At the same time Bud was still really only a baby, around 5 years old. He was very green, with minimal education. He was pretty lazy, and at times really arrogant- especially when he didn’t want to do something. 
I was very lucky to have befriended another agistee, who became my friend and mentor. And through her help we were able to educate Bud.
He would always be tripping over his front feet and stumbling, and at one point I nearly went over his head as he had stumbled and promptly landed on his knees. He was totally on the forehand, and I spent hours riding transition changes to get him working off my seat and leg and to work from the back end. 
He tested me! My god- he totally tested me.
Every single ride he would try something new on with me. Something that if he did it today I would just laugh at, but back then it would really put a dent in my confidence. 
The worst thing was a cluster of 5 double pig roots. I managed to sit them all. All because he had decided he no longer wanted to work on canter. 
I can assure you, he regretted that decision- as he got to canter for a lot longer!
The simple task of putting a bridle on took ages, as he would put his head up really high, like giraffe and then refuse to open his mouth. It was so frustrating.
We eventually came up with a way that suited Bud, and I have used this technique ever since. 
I always get a giggle when someone offers to pop Bud’s bridle on as I know the giraffe will return and they wont be able to reach.  
 I can remember one day he was refusing to stand at my mounting stool. Every time I climbed up the stool, and put my foot in the stirrup he would begin to walk away. I had to quickly remove my foot from the stirrup and get down from the stool. This went on for about 15 minutes. I couldn’t just hop around with him, as he was too big and he knew it. 
I could go on and on with all of the things that we experienced in those three years before Bud and I rode that first dressage test.

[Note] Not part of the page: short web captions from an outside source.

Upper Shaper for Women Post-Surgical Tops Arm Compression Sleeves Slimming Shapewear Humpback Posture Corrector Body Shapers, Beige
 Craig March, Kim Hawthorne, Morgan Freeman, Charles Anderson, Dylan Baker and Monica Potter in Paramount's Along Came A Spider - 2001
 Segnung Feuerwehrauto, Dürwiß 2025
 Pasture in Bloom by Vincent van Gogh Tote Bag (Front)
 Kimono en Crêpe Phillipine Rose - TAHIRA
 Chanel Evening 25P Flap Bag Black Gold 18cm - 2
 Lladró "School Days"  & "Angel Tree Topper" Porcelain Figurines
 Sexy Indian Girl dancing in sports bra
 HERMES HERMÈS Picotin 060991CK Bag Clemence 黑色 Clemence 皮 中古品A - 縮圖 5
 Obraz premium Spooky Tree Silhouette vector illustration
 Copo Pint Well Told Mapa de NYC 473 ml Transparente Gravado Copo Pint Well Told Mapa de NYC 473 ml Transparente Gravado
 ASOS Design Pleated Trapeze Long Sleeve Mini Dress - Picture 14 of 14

But I think you all get the picture. 
Bud wasn’t born as a Unicorn. He hasn’t always been easy to handle, and a pleasure to ride. 
In fact there have been times when I have wondered if maybe he might be better off with someone else, somebody who is more experienced or a better rider than me. But I have always returned back to Bud and worked on our partnership so that our bond could grow. 
So in essence my take home message is that Unicorns are not born, they are grown through trust, bond and training And if you currently don’t yet have the relationship that you are hoping for, I want to reassure you that it just takes time.
Loren Madsen
Plum Tack sponsored rider 

2 Responses

Erin Domaille
Erin Domaille

June 08, 2020

Thank you. I read this just as I head out to the paddock. Ive been waiting all weekend to go and spend some time out there. I am now, where you were. Unicorns are not made overnight I know that all too well. We have a long road to go but I have a vision for us. So I probably need to let go of that baggage too, and remember I can do this. It’s very easy to tear something down just when you’ve come so far…And patience is a virtue. Thanks for the read and insight!


June 08, 2020

I hear you….broke my pelvis 4 yrs ago and lost my confidence. Now I have my unicorn and wow what a difference.